| TASK ITEM |
For the entries below, copy exactly the line that contains "Leasetake 4'ü 1" through the line that contains "Sticker Tigre avec ballon (Feuille)", both ends included, and exclude all pictures.
◇ ◇ ◇ ◇ ◇
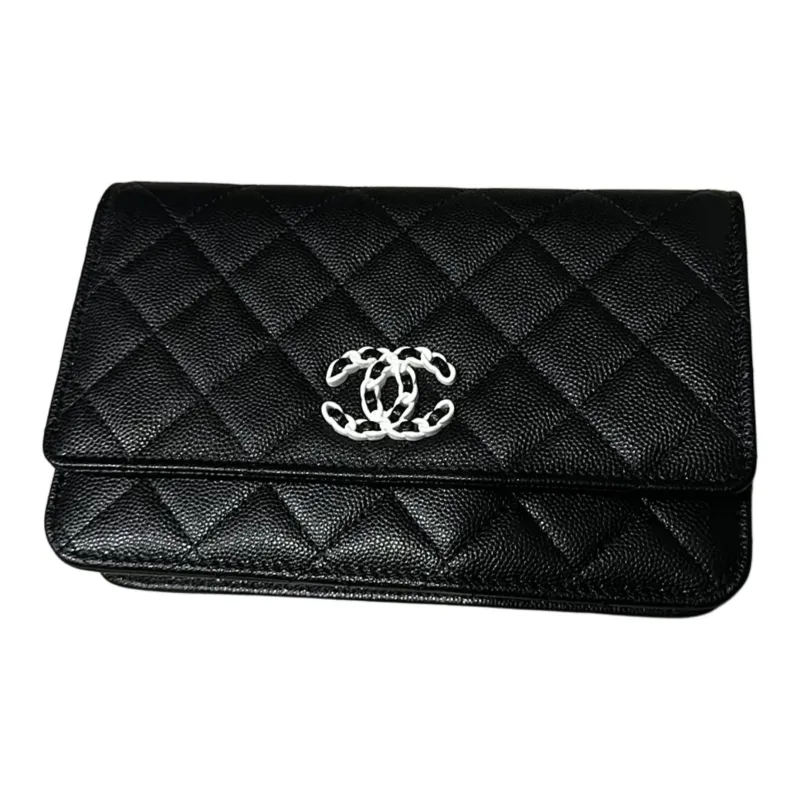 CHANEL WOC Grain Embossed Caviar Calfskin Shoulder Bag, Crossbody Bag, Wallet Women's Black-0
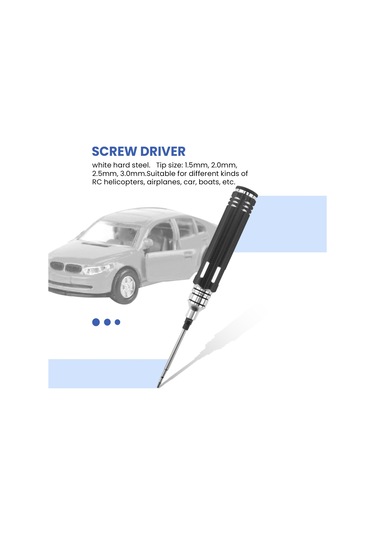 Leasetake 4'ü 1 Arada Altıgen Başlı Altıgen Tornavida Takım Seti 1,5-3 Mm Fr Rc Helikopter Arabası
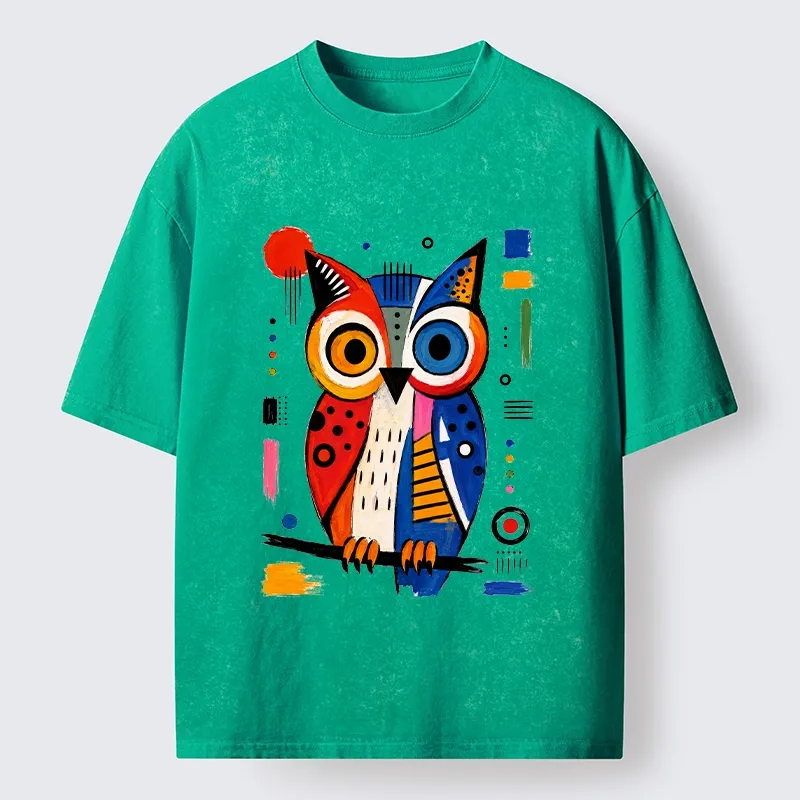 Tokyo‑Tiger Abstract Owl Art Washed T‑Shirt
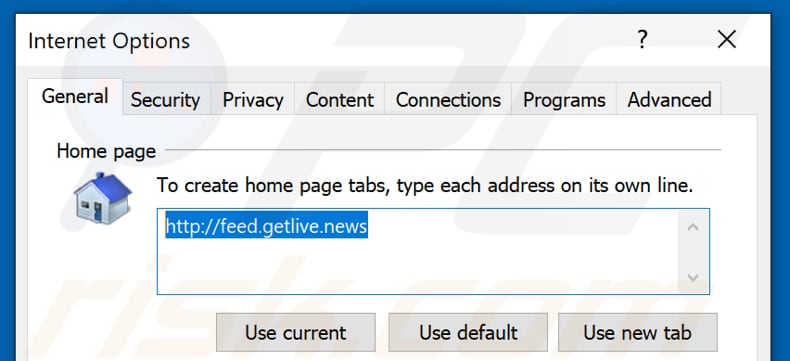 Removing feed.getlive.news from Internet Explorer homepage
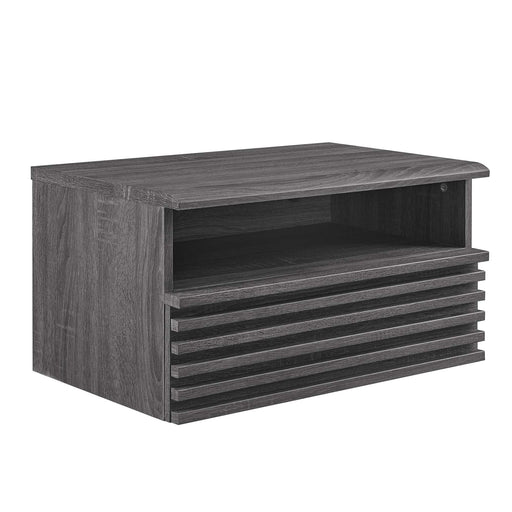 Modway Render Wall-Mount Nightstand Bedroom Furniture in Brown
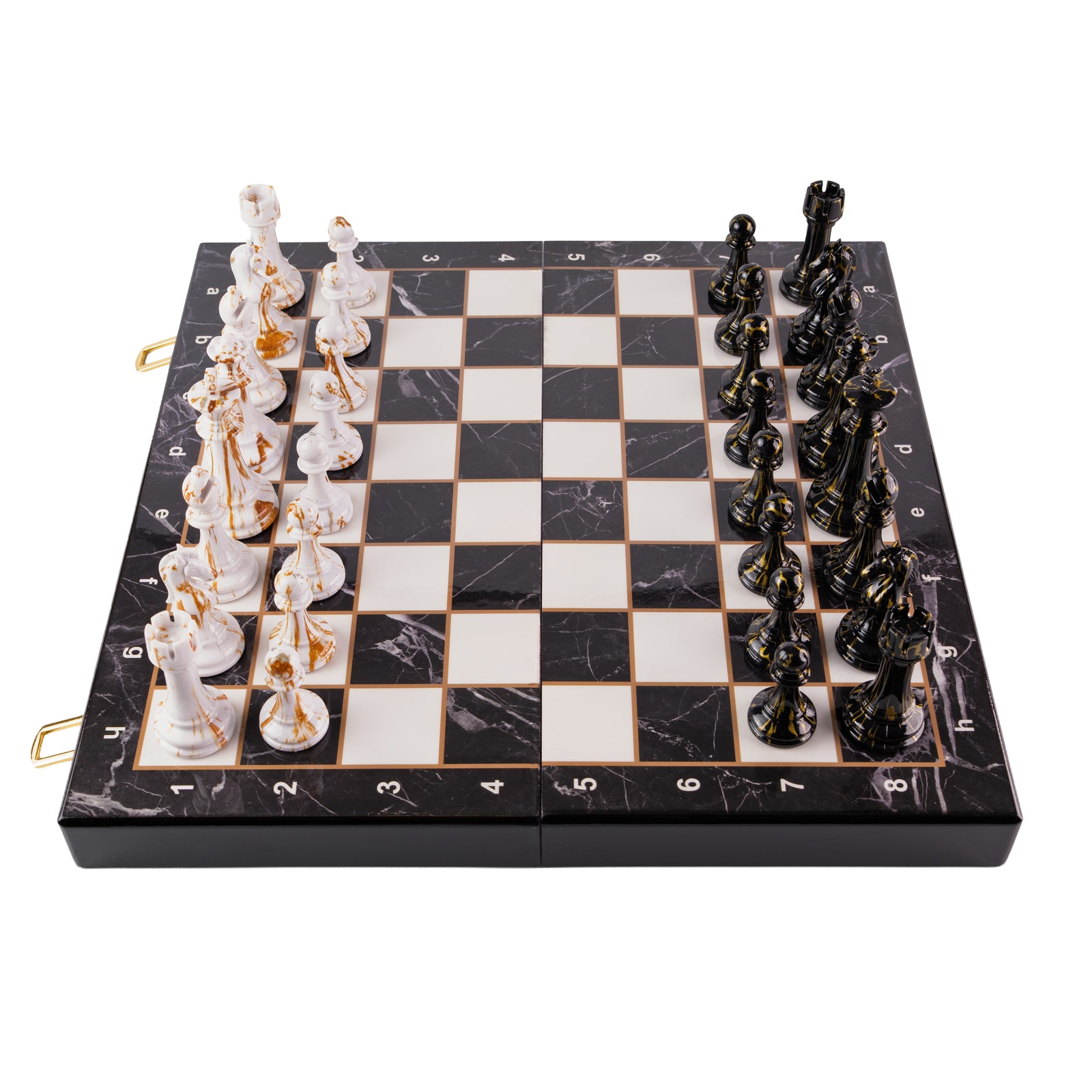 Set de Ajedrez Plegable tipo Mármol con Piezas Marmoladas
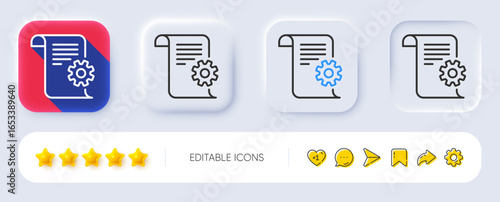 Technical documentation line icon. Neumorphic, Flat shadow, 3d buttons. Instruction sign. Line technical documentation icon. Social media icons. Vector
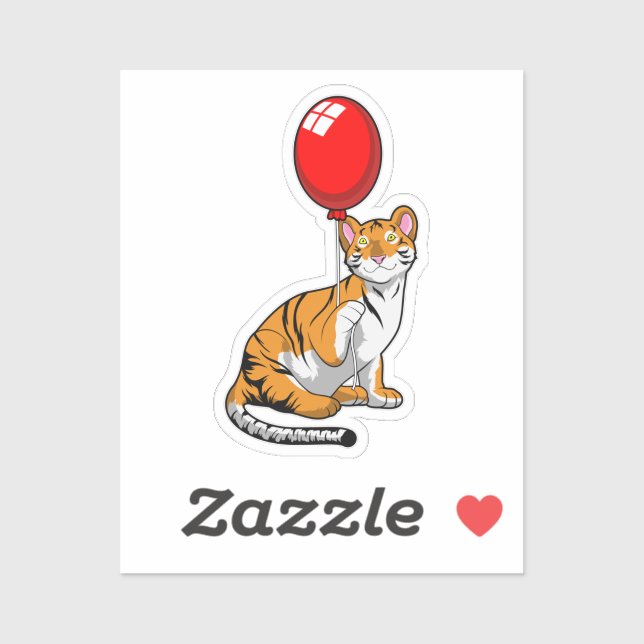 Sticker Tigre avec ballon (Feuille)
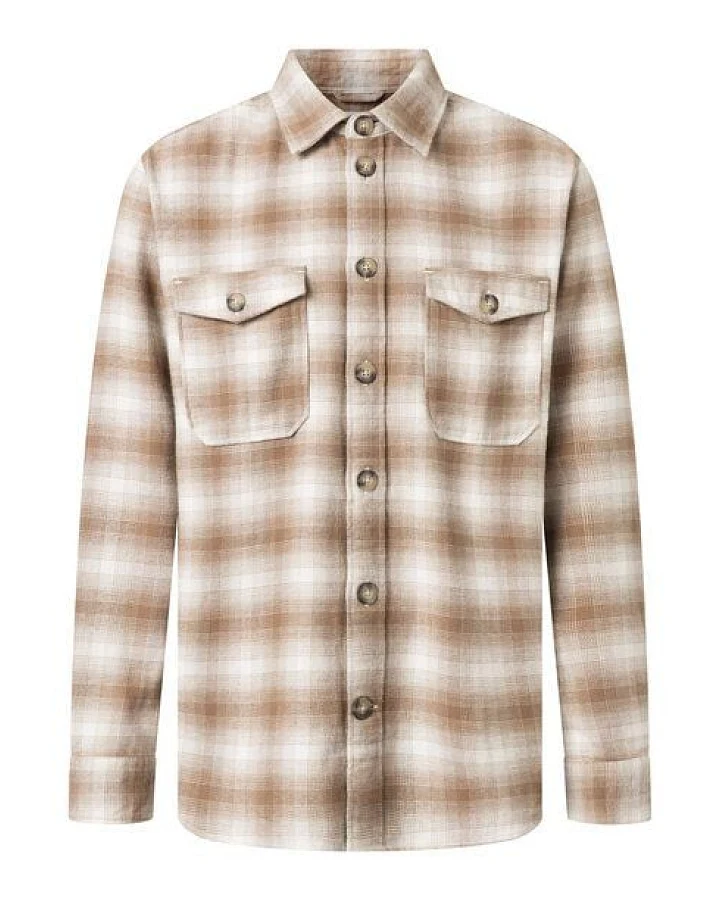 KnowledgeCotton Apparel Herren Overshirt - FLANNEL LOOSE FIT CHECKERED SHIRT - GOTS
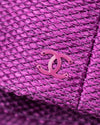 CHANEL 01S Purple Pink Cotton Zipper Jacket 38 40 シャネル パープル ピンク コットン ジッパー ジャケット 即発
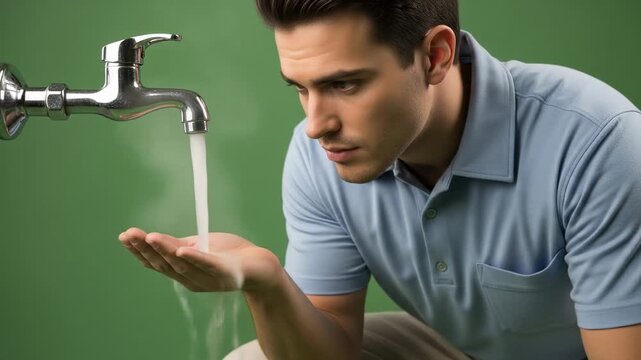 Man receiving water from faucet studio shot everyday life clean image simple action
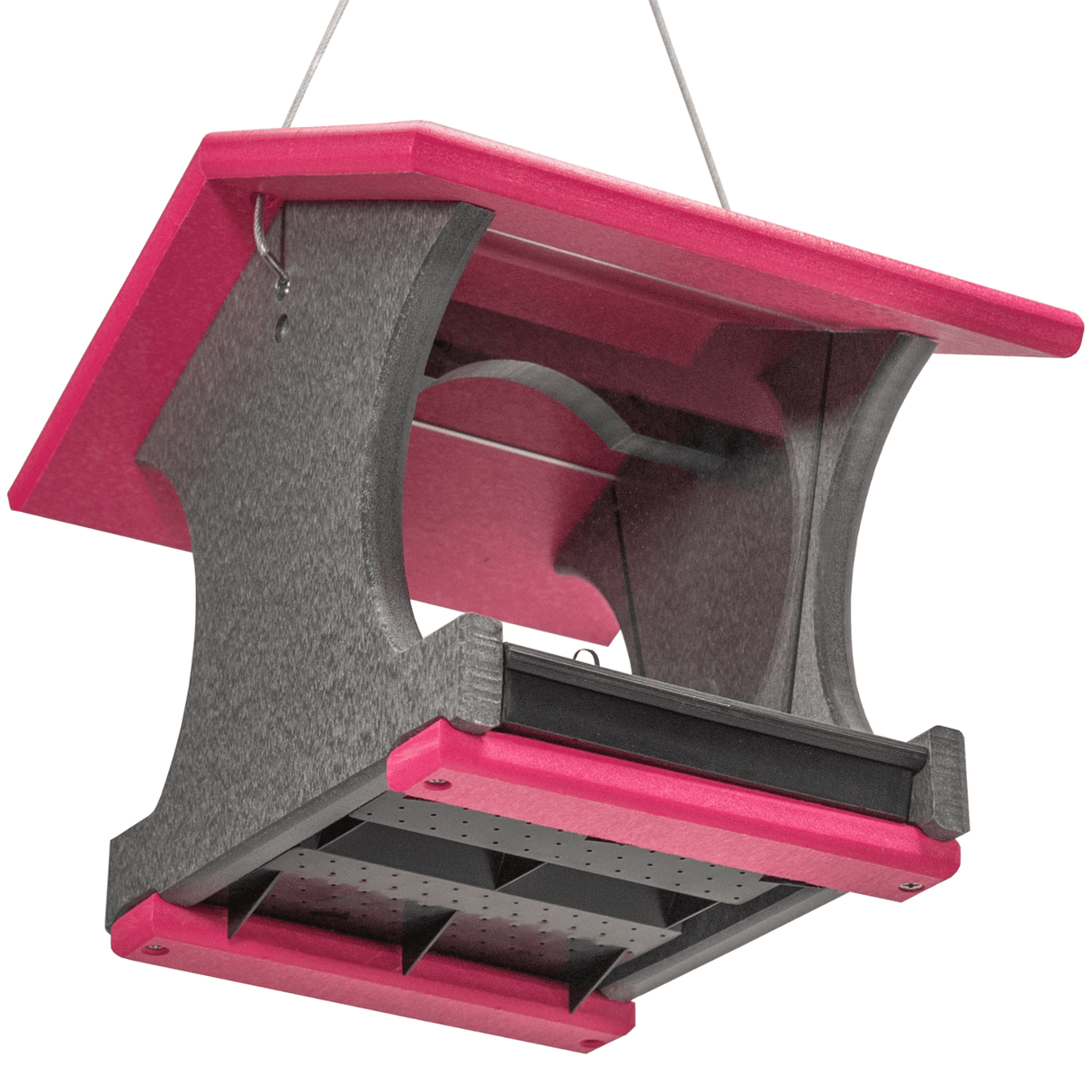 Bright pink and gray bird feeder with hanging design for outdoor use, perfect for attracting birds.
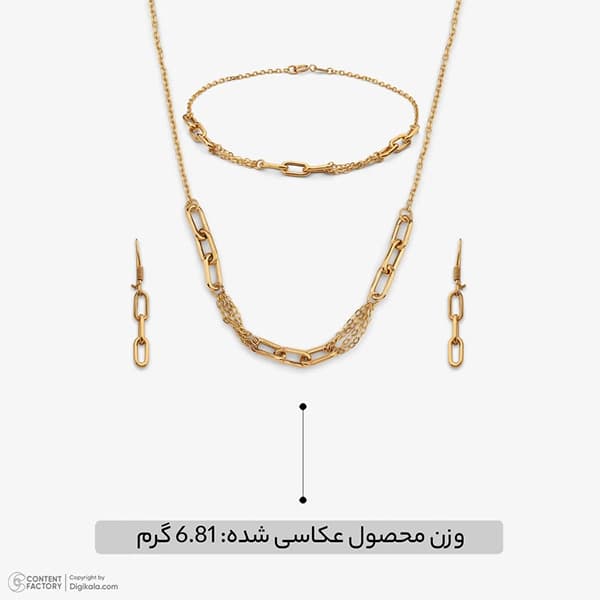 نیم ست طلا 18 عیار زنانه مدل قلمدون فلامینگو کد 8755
◇ ◇ ◇ ◇ ◇
| OUTPUT BELOW |
 Leasetake 4'ü 1 Arada Altıgen Başlı Altıgen Tornavida Takım Seti 1,5-3 Mm Fr Rc Helikopter Arabası
 Tokyo‑Tiger Abstract Owl Art Washed T‑Shirt
 Removing feed.getlive.news from Internet Explorer homepage
 Modway Render Wall-Mount Nightstand Bedroom Furniture in Brown
 Set de Ajedrez Plegable tipo Mármol con Piezas Marmoladas
 Technical documentation line icon. Neumorphic, Flat shadow, 3d buttons. Instruction sign. Line technical documentation icon. Social media icons. Vector
 Sticker Tigre avec ballon (Feuille)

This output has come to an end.